Exercise instructions =>
What is wanted is every line below from the one with "view of swimming" up to and including the one with "of a twirling ride.", retyped exactly, pictures excluded, nothing else.

Caption-style text data
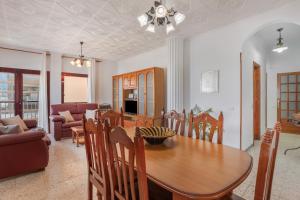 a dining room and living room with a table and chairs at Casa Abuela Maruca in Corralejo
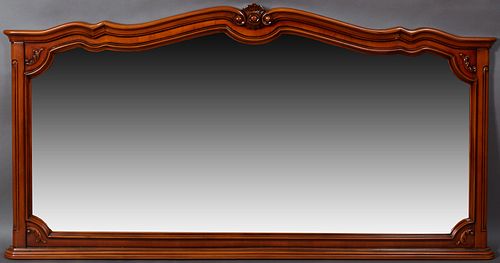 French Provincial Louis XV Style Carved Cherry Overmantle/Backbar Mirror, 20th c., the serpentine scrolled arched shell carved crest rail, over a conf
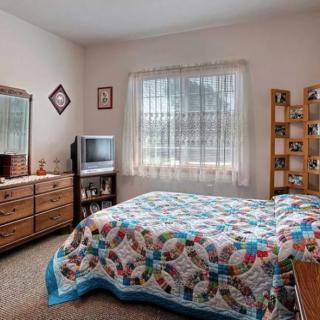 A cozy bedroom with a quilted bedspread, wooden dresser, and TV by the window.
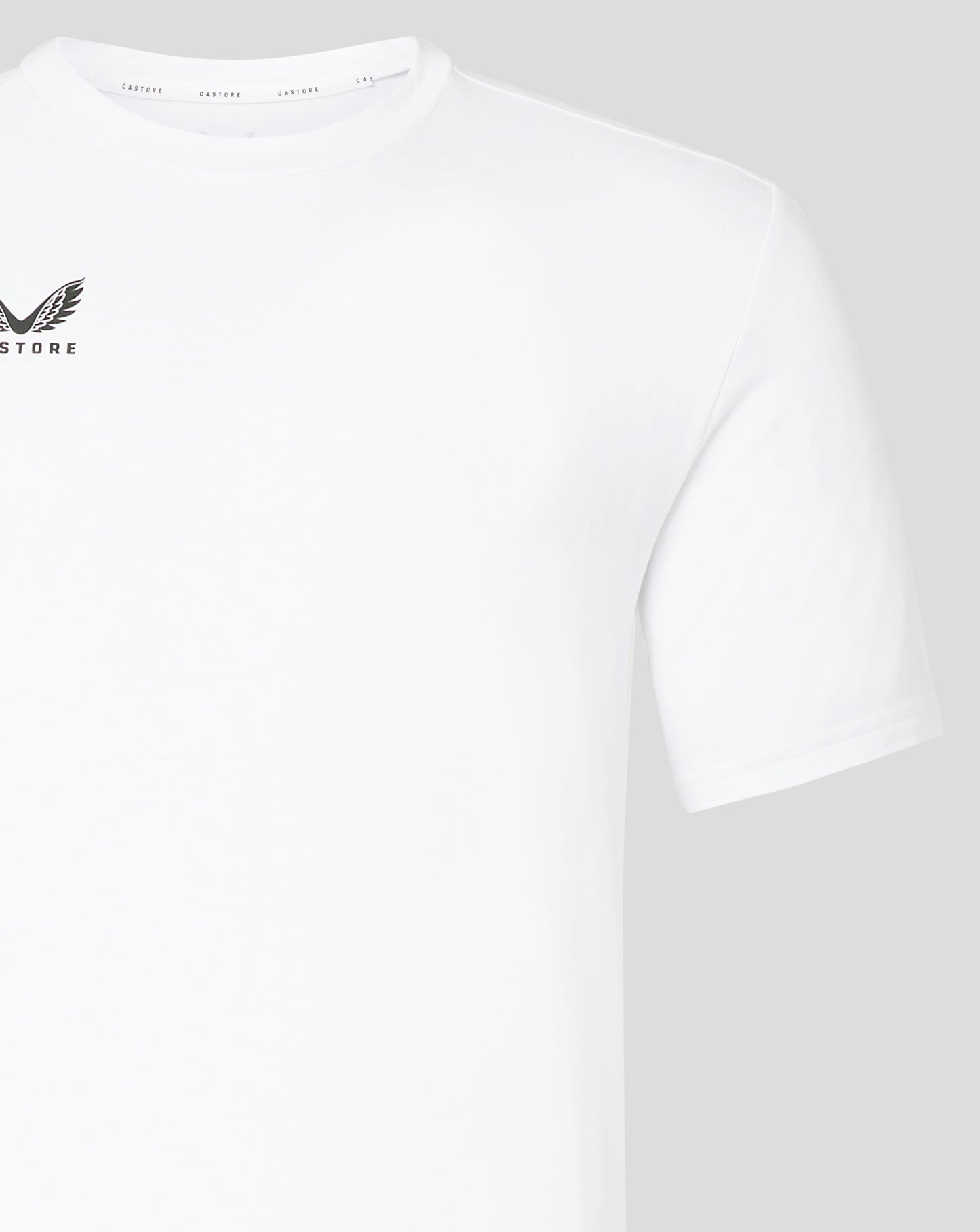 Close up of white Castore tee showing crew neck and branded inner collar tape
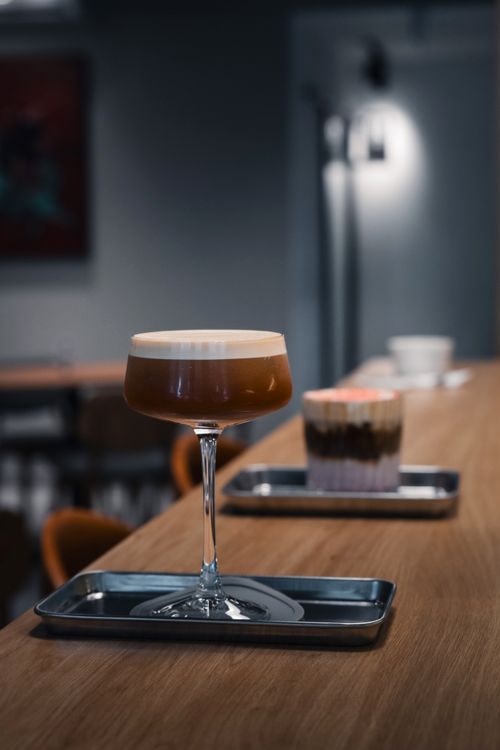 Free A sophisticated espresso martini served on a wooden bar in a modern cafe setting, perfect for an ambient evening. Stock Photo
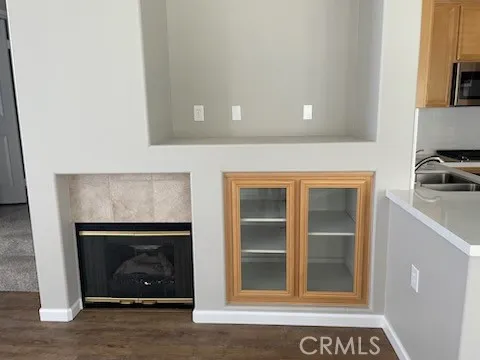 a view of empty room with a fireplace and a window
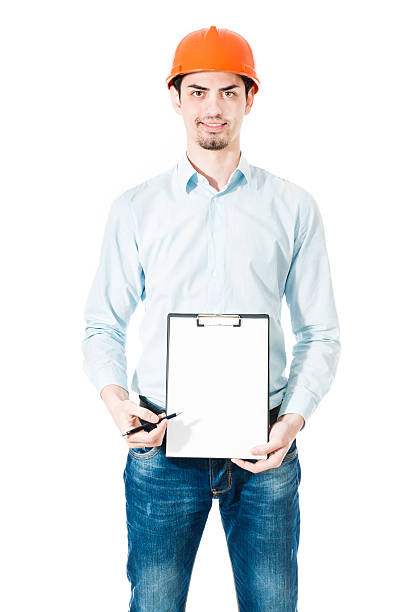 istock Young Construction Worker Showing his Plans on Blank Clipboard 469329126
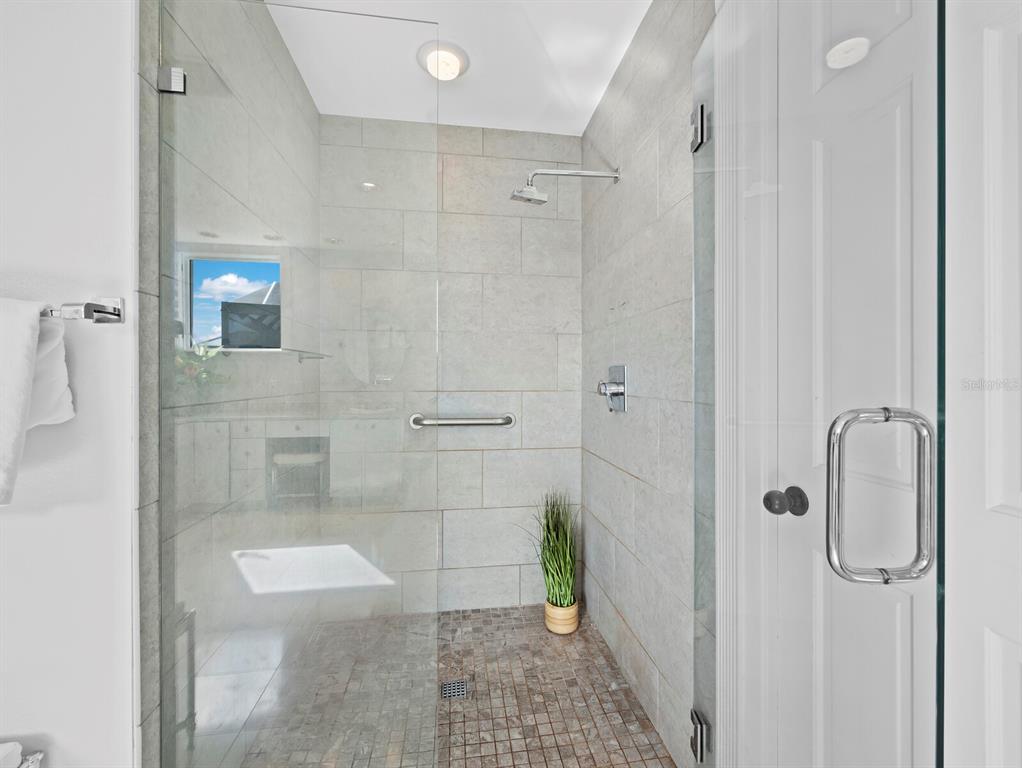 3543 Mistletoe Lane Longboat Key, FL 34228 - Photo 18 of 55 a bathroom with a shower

==

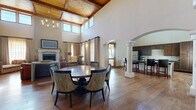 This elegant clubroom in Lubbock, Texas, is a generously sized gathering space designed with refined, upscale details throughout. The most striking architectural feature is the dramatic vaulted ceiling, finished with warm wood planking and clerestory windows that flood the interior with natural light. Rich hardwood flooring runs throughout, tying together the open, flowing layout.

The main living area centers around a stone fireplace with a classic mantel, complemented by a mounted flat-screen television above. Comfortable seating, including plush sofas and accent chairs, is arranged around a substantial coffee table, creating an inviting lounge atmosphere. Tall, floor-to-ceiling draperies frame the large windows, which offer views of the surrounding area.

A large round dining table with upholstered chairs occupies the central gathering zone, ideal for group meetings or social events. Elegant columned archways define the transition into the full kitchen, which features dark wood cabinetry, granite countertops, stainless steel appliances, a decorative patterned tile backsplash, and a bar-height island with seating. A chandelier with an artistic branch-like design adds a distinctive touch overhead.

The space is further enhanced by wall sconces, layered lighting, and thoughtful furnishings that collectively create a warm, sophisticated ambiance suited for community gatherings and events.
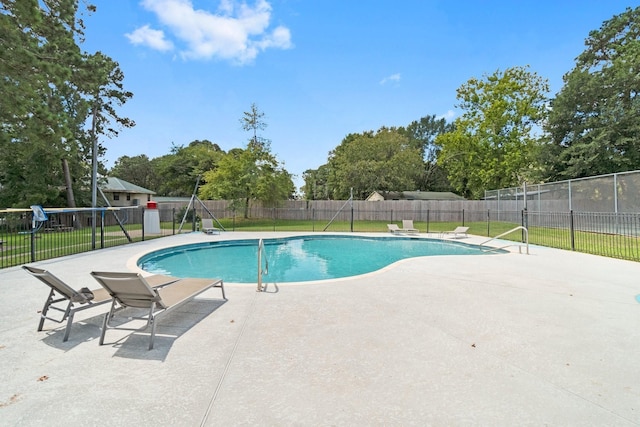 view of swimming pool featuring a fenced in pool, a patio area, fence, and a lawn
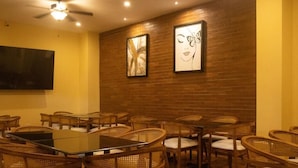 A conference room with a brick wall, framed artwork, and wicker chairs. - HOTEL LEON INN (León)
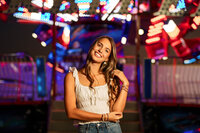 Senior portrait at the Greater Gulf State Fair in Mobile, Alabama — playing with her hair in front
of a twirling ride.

Problem solution =>
 view of swimming pool featuring a fenced in pool, a patio area, fence, and a lawn
 A conference room with a brick wall, framed artwork, and wicker chairs. - HOTEL LEON INN (León)
 Senior portrait at the Greater Gulf State Fair in Mobile, Alabama — playing with her hair in front
of a twirling ride.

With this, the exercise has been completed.